┌─ DATA RECORDS
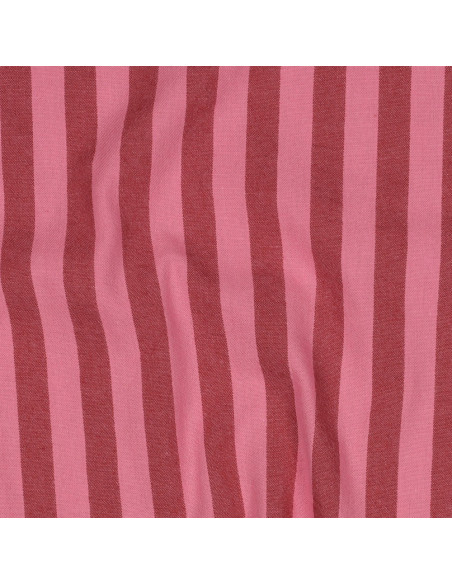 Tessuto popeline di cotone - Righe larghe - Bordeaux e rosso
└─
┌─ DATA RECORDS
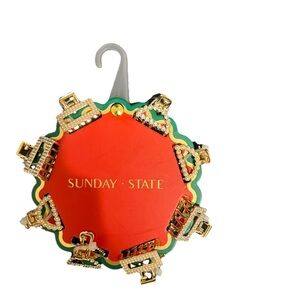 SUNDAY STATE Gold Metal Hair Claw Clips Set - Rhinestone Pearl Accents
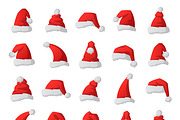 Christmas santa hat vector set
└─
┌─ DATA RECORDS
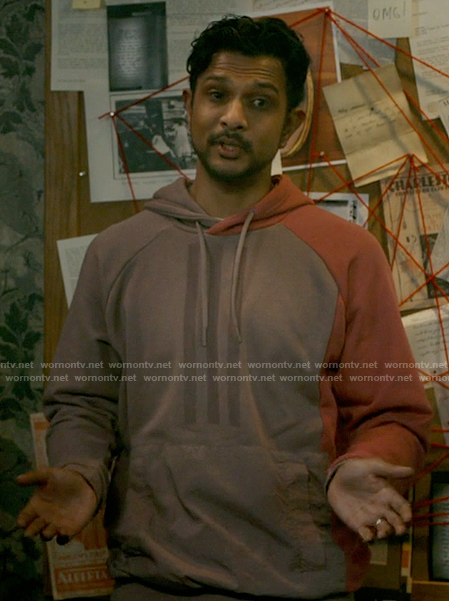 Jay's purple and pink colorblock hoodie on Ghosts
└─
_EXERCISE INSTRUCTIONS_
Copy the listing above exactly, but only from the line with "SUNDAY STATE Gold" through the line with "Christmas santa hat vector set", including those two lines and excluding any picture.

_SOLUTION_
 SUNDAY STATE Gold Metal Hair Claw Clips Set - Rhinestone Pearl Accents
 Christmas santa hat vector set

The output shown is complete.